7. Telling A Woman She’s Being Shrill Or Overemotional
When a woman is angry or upset, a common response is that she’s being too sensitive, hysterical, or melodramatic (or worse, that she’s “just being hormonal”). These kinds of comments invalidate and shame a woman for her emotional responses. The men who say this stuff might simply be trying to diffuse a tense situation, but the message they’re sending is that a woman’s emotions are illogical or simply not real — and that they therefore shouldn’t be taken seriously.
8. Shaming Men For Being "Feminine"
In our culture, one of the most common and severe ways one can insult a man is to tell him that he’s acting like a girl — that he’s weak, emotional, prissy, or feminine. That kind of attitude is incredibly damaging to men and boys, holding them to a standard of culturally constructed masculinity that punishes any type of deviation. Too often, men are told that their worth depends on how well they can conform to masculine ideals, and that stereotypically “feminine” behaviors therefore devalue them.

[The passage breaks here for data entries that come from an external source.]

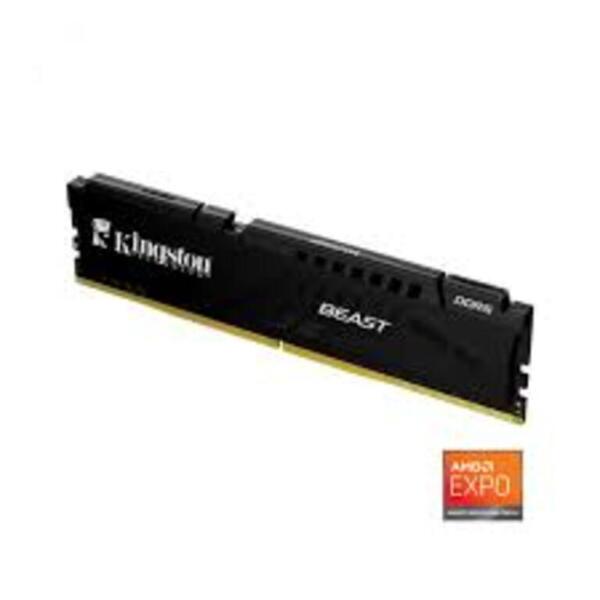 Ram Kingstone DDR5 16GB 6000MHz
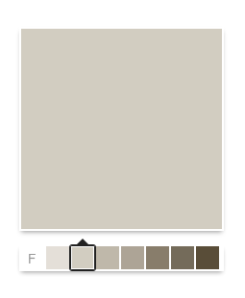 Screen Shot 2014-07-21 at 9.38.49 AM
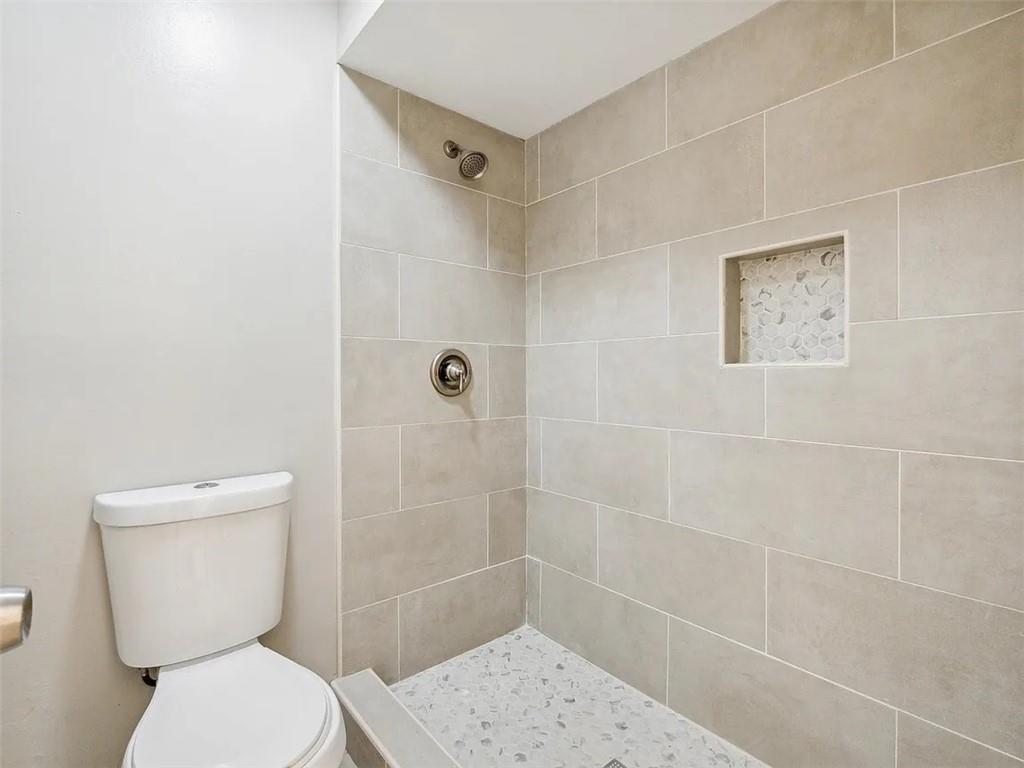 2920 Parc Lorraine Property Photo 8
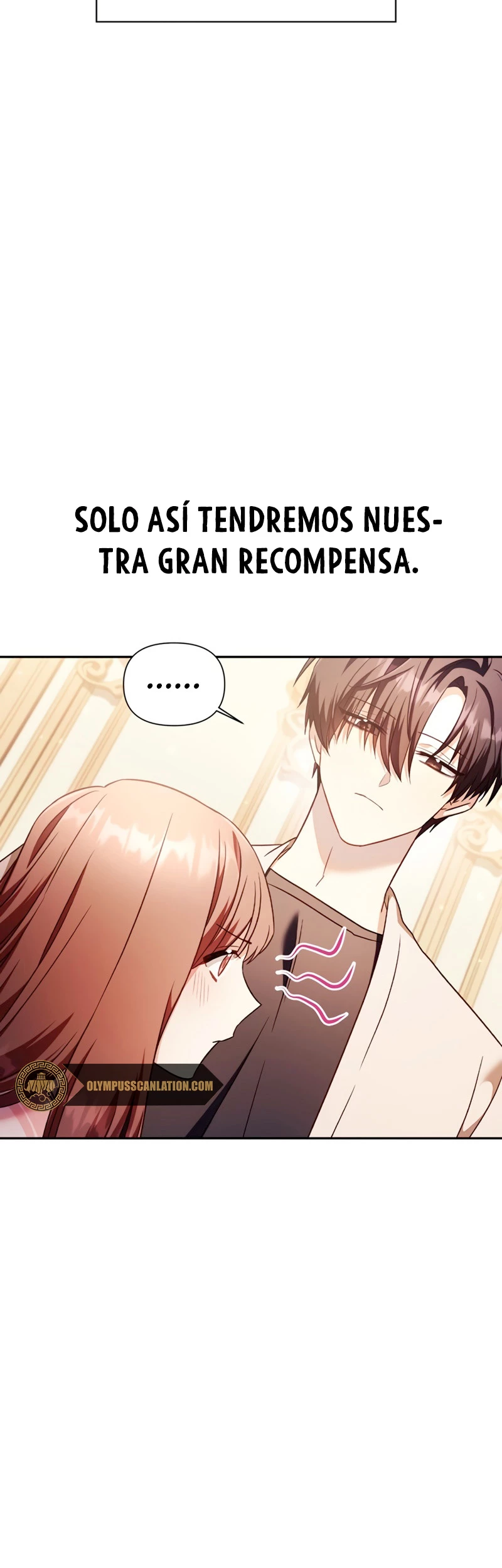 Manual de instrucciones del Reencarnado > Capitulo 31 > Page 341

As harmful as these standards are to men and boys, they are also detrimental to women, because they are premised on the idea that to be a woman or to be like a woman is to automatically be lesser and wrong. When women see men shaming other men for being feminine, they too are being told that femaleness is a marker of shame. Of course, it’s not only men who do this — our culture as a whole shames men who are perceived as “unmanly." This is a form of misogyny that harms everyone, male and female.